We’ll load ggplot2 by itself. It lives in the tidyverse, which we will typically load because and since we often use other tidyverse functions, but here let’s focus on ggplot2.

Remember that in an R markdown file, you need to include the package loading even if you have it loaded in the session. R markdown files are like self-contained \({\bf\textsf{R}}\) sessions, so it only knows what you tell it. If you need a function from a package in a code chunk, be sure to load the package first.

pacman::p_load(ggplot2)

Data loading

This script uses the mtcars2 dataset created in the previous lesson. This time there are three options: Either load it from the .Rdata object you saved at the end of the previous lesson…

setwd(".../R") 
mtcars2 <- load("./data/mtcars2.Rdata)

… or read from a .Rdata object on GitHub…

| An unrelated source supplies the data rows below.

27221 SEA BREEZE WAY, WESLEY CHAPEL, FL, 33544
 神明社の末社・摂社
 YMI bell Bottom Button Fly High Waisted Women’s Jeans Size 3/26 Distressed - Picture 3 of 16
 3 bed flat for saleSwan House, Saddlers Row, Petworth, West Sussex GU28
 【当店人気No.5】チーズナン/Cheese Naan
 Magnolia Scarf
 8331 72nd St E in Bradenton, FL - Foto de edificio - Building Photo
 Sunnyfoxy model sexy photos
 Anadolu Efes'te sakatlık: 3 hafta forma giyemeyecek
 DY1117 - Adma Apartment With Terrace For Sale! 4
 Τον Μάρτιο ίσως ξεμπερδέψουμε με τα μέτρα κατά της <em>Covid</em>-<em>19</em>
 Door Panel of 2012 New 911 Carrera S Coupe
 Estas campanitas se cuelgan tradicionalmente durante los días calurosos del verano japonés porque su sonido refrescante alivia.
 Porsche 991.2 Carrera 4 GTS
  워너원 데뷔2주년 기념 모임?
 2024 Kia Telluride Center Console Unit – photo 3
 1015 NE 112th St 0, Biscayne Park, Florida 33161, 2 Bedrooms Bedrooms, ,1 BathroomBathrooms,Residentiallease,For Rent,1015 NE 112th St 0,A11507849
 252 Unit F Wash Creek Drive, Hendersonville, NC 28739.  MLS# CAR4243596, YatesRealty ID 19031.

objURL = url("https://github.com/devanmcg/IntroRangeR/raw/master/data/mtcars2.Rdata") 
load(objURL)

…or read from a .csv on GitHub:

csvURL = url("https://github.com/devanmcg/IntroRangeR/raw/master/data/mtcars2.csv")
mtcars2 <- read.csv(csvURL)

Note: To load files from GitHub into \({\bf\textsf{R}}\), URLs must include raw, not blob.

Now just check that we have the proper file:

str(mtcars2)

## 'data.frame':    32 obs. of  17 variables:
##  $ make.model  : chr  "Mazda RX4" "Mazda RX4 Wag" "Datsun 710" "Hornet 4 Drive" ...
##  $ mpg         : num  21 21 22.8 21.4 18.7 18.1 14.3 24.4 22.8 19.2 ...
##  $ cyl         : chr  "6" "6" "4" "6" ...
##  $ disp        : num  160 160 108 258 360 ...
##  $ hp          : num  110 110 93 110 175 105 245 62 95 123 ...
##  $ drat        : num  3.9 3.9 3.85 3.08 3.15 2.76 3.21 3.69 3.92 3.92 ...
##  $ wt          : num  2.62 2.88 2.32 3.21 3.44 ...
##  $ qsec        : num  16.5 17 18.6 19.4 17 ...
##  $ vs          : chr  "0" "0" "1" "1" ...
##  $ transmission: chr  "Manual" "Manual" "Manual" "Automatic" ...
##  $ gear        : chr  "4" "4" "4" "3" ...
##  $ carb        : chr  "4" "4" "1" "1" ...
##  $ make        : Factor w/ 20 levels "AMC","Cadillac",..: 14 14 5 1 1 16 16 15 15 15 ...
##  $ country     : Factor w/ 6 levels "Germany","Italy",..: 3 3 3 6 6 6 6 1 1 1 ...
##  $ origin      : chr  "foreign" "foreign" "foreign" "domestic" ...
##  $ continent   : chr  "Asia" "Asia" "Asia" "North America" ...
##  $ sportiness  : chr  "Kinda sporty" "Not sporty" "Kinda sporty" "Not sporty" ...

Introducing `ggplot`

The ggplot() function lives in the ggplot2 package, which now comes bundled in tidyverse. Creating a plot is simple given the default settings of the ggplot() function, which is programmed to take care of a lot of aesthetic formatting and stuff. Almost every single default can be overwritten, and with a high degree of specificity. As such, despite high-level defaults, ggplot() graphs are very customizable. Doing so can make for lengthy ggplot() calls.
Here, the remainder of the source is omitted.